Maxwell imagined a creature that exists inside a box containing particles, and a dividing wall between two halves of the box. The ‘demon’ can measure the speed of particles, and open and close a door in the wall. By choosing which particles to allow through the wall, the demon can collect the fast, ‘hot’ particles on one side, and the slow, ‘cold’ particles are on the other, creating a temperature difference where there was none before – the demon has pushed an at-equilibrium system out of equilibrium.

Fundamentally, the demon has two jobs: measurement and feedback. Information gathered through measurement is used in feedback to rectify fluctuations, converting an at-equilibrium system into a non-equilibrium one. If, theoretically, a ‘demon’ could perform these tasks, without consuming a resource, the second law would be violated.
Maxwell’s thought experiment is hard to resolve, in part because it is so intangible. The Hungarian physicist Leo Szilard refined the idea, trying to make it more concrete. He imagined a simpler system that could only be in two states, a single particle that could be randomly trapped either on the left or the right side of a box with a partition. If the position of the particle is measured, a weight could be attached to the same side of the divider as the particle. The random collisions of the particle with the partition could then slowly lift the weight. This process would reduce the combined entropy of the weight and its environment, with apparently no cost. Just like Maxwell’s demon, Szilard’s engine appears to use measurement and feedback to reduce the entropy of the Universe and violate the second law.
Szliard argued that the second law is not violated, because creating the measured configuration (with the particle and weight on the same side of the divider) requires the consumption of another resource. In the context of the Maxwell’s demon problem, Szilard would have argued that the demon needs to consume a resource to ‘correlate’ the state of the door with the speed of the particles.
Szilard was correct, but he lacked the modern ideas of information theory and thermodynamics that make the analysis of such problems tractable. Nowadays, we would describe the configuration after measurement as a non-equilibrium resource of low entropy due to the information, or correlations, between weight and particle. Moreover, Szilard was unable to conceive a concrete system in which the processes of both measurement and feedback could be properly analysed without the intervention of a fuzzily-defined intelligence, which perpetuated confusion.

Biochemical Szilard Engine
Recent developments in thermodynamics and its application to molecular systems have re-ignited the discussion around Maxwell’s demons and Szilard engines.
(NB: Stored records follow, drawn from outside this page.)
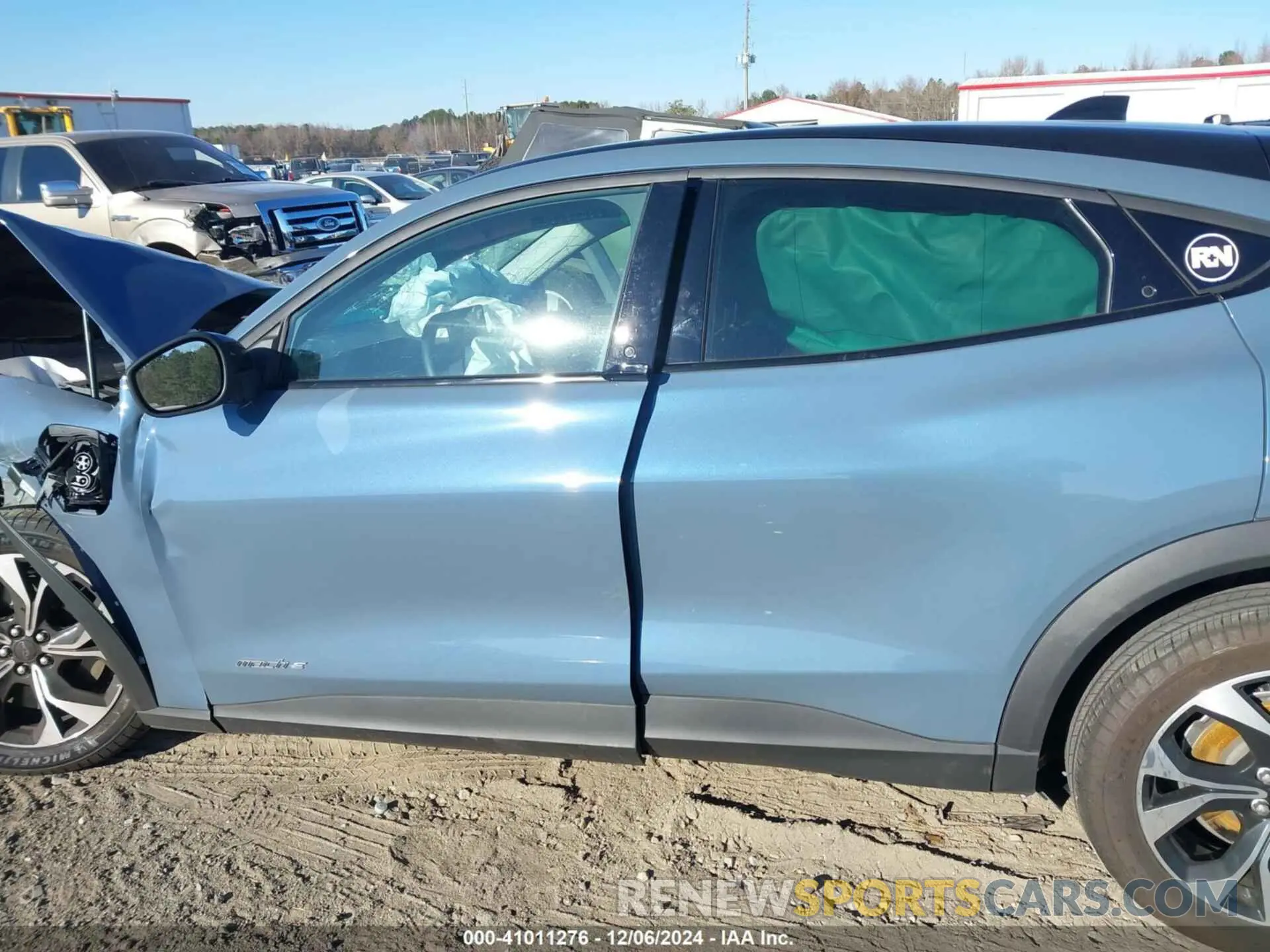14 Photograph of a damaged car 3FMTK1R43RMA07890 FORD MUSTANG MACH-E 2024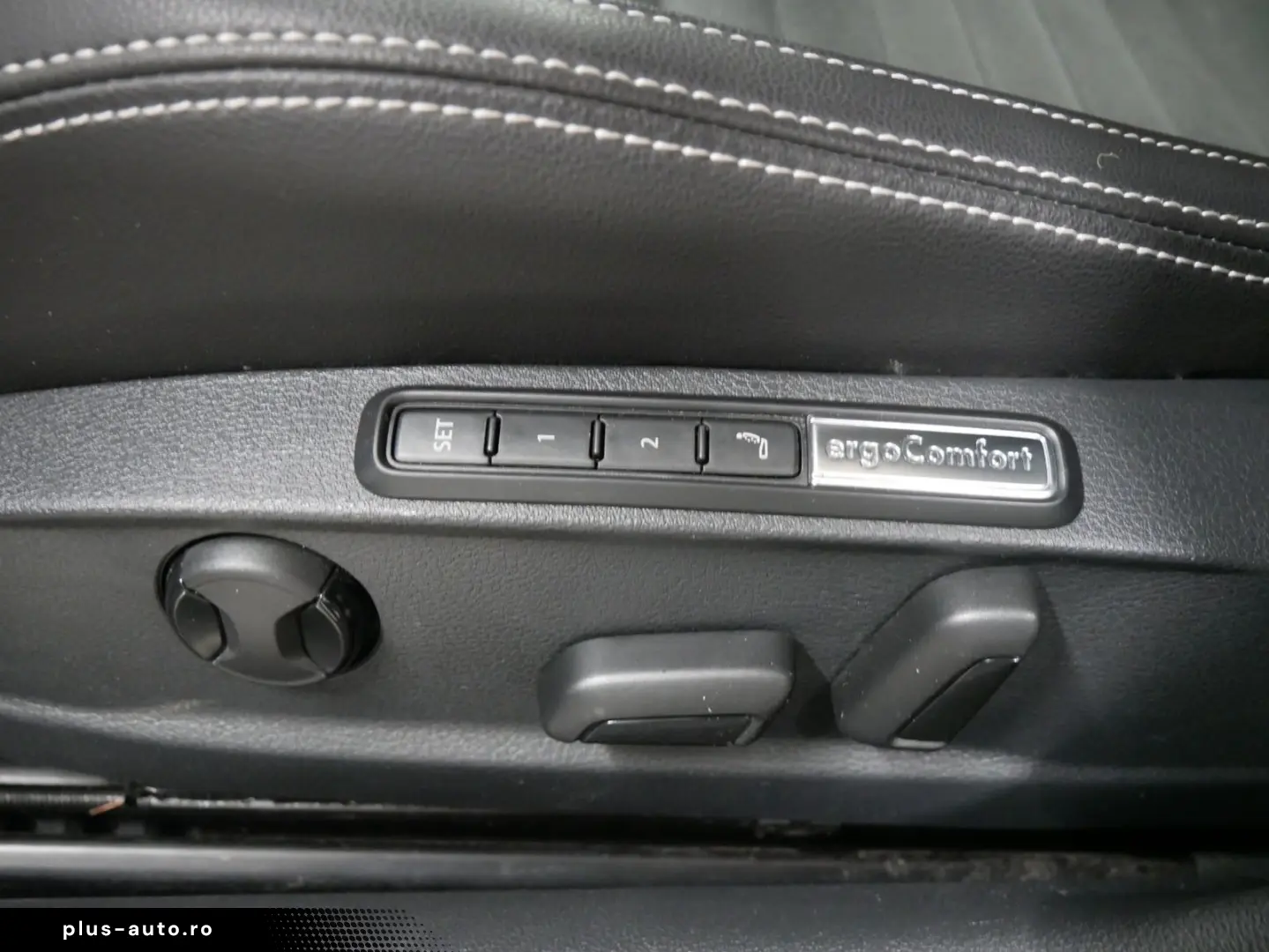 Passat Variant ELEGANCE 4M ACC 360 K TOTW AHK NV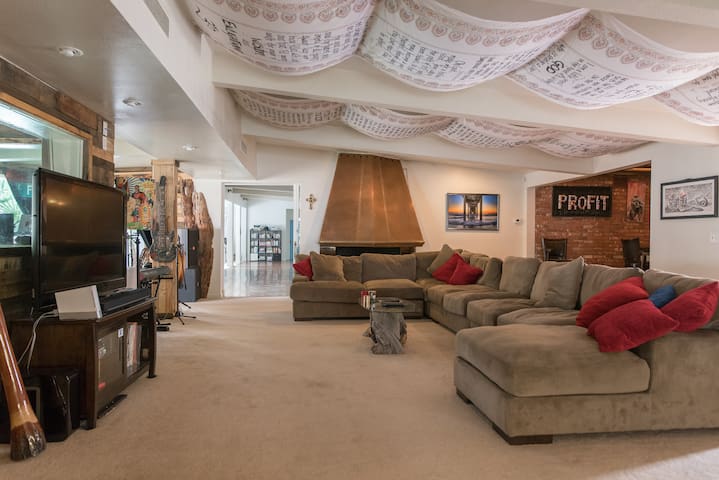 Creative Oasis @6th&FRANKLIN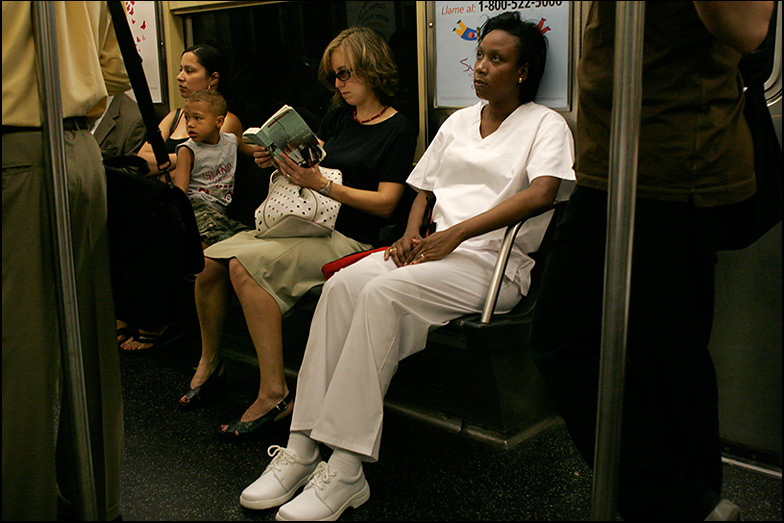 M Train ~ 9th Street ~ 9:10am - Click for next Image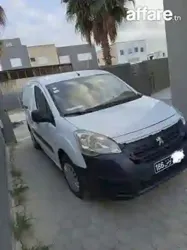 Voiture Partner à Vendre en Très bon État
Dr Thomas Ouldridge at the Imperial College London is leading a collaboration to create better understanding of Szilard engines. His collaborators include Rory Brittain at the University of Luxembourg, Nick Jones at Imperial College London and Pieter Rein ten Wolde at the FOM Institute, Amsterdam.
Many research groups have considered measurement and feedback in small systems, but the more theoretical attempts often ignore the costs of some steps in the process, allowing unexpected errors to creep into calculations. Dr Ouldridge and his collaborators have proposed a Szilard engine that uses biomolecules to explicitly represent the tasks of a demon – creating a long-lived measurement and using that measurement to perform feedback – providing a concrete system that can be analysed in full.
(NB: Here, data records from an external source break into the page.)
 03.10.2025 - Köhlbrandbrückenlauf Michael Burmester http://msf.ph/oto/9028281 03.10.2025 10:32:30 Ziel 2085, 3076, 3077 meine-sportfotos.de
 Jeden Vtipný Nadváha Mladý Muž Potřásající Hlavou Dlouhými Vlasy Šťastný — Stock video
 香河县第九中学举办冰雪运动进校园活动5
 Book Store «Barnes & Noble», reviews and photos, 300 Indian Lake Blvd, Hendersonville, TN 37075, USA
…a Szilard engine rooted in a biochemical context, where every decision-making step is represented fully, leaves minimal scope for error in thermodynamic analysis.
Components of the engine
There are two main parts to the biochemical Szilard engine:
1. A reaction volume containing two molecules, data X and memory M, which can both be in two states (X0 and X1, and M0 and M1).
2. A series of chemical buffers containing fuel molecules at a range of concentrations. These buffers act as a low-entropy resource that can be both spent to drive the reaction volume into certain states, or can be ‘charged-up’ by the reaction volume, just like a battery or the weight that is lifted in the original Szilard engine.
Section 1: Measurement
The memory molecules can interconvert between M0 and M1 by reacting with fuel molecules. However, the reactions are extremely slow unless a catalyst is present, which for converting between the states of M, are the data molecules, X. Crucially, X0 and X1 catalyse different reactions, coupling the memory molecule M to different fuels. The concentration imbalances of fuels determine which way the reactions tend to go, and the presence of X0 pushes M towards M0 and X1 pushes M towards M1.
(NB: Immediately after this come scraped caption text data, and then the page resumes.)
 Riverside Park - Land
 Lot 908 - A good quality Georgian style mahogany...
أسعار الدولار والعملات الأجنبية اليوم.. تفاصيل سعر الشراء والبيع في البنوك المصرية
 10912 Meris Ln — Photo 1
Initially, the system is in one of four possible configurations (both X and M can be in either state), and no fuels are present. The measurement step proceeds by moving one set of fuel buffers past the reaction volume, slowly increasing the concentration imbalances associated with the two opposing fuels to which X and M are exposed. As this happens, the state of the memory M is slowly correlated with the state of the data X; eventually the system has only two possible states rather than four: either X0 and M0 or X1 and M1. This is the crux of the measurement step: the entropy has decreased, and the data-memory system is a low-entropy resource.
Thermodynamic analysis of this system shows, just as Szilard predicted in the original engine, that the measurement step uses resources. In this case, the decrease in entropy of X and M is entirely compensated for by an increase in entropy of the buffers, which started as a low-entropy resource.
Step 2: Feedback
Feedback occurs by decoupling M from the fuels that powered measurement, followed by the introduction of fuels from a different set of buffers, allowing X0 and X1 to interconvert. Extracting resources stored in the measured state requires X0 and X1 to be treated differently, just like it is necessary to attach the weight to the correct side of the particle-based Szilard engine.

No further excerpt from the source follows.